医療費に関する領収書・レシートは明細書への記入に必要ですが、税務署への申告後すぐ破棄しないようにしましょう。

税務署から後日、領収書・レシートの提出・提示を求められる場合もあるため、自宅で5年間は保存しなければいけません。

医療費通知書をなくしてしまった場合は再交付

医療費控除の明細書へ記入する前、保険者(国民健康保険加入者は市区町村、健康保険加入者は健康保険組合等)から届いた医療費通知を失くしても、領収書やレシートがあれば明細書に転記できます。

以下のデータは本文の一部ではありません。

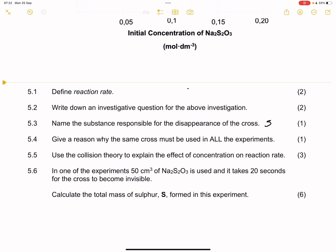They say give a reason why the same cross must be used in all the experiments. Of course you want to make sure that there is consistency and no variation. The only thing we are varying is the concentration of sodium thiosulfate, and everything else has to be the same.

しかし、控除対象となる医療費の領収書等を全て保管しているとは限りません。そこで医療費通知を紛失した場合は、健康保険組合などに再交付等の申請も可能です。

国民健康保険加入者はお住いの市区町村窓口(主に国保年金課等が担当)に再交付申請が可能です。一方、健康保険加入者は健康保険組合から証明書を交付してもらいます。

医療費控除のよくある質問

こちらでは医療費控除に関するよくある質問へ回答しましょう。

医療費控除は年末調整でも申告可能?

年末調整では申告できません。

給与所得者が医療費控除を申告する場合も、年末調整ではなく確定申告が必要です。そのため、給与所得者は年末調整の手続きに慣れている分、確定申告手続きに手間取る可能性があるでしょう。

医療費控除の申告を予定している場合、確定申告に疑問点・不明点があるときは、前もって健康保険組合や税務署の窓口に相談しておいた方が無難です。

間違って医療費控除対象外の費用を申告したけど、どうすればいい?

医療費控除を申告した後で、対象外の医療費を明細書に記入してしまった、または記入していない医療費があると気付く事態も考えられます。

申告の誤りに気付いたら、確定申告期限内の場合は新たに正しい申告書・明細書を提出します。

一方、確定申告期限後に申告する場合は、次の方法で申告しましょう。

  • 税額を多く申告していた:更正の請求
  • 税額を少なく申告していた:修正申告

なお、医療費控除の明細書の作成に手間取っている場合、無理に医療費控除を確定申告期限内で提出する必要はありません。「還付申告」という方法で医療費控除の申告も可能です。

還付申告ならば、確定申告で申告するはずだった年の翌年1月1日から5年間にわたり提出が可能です。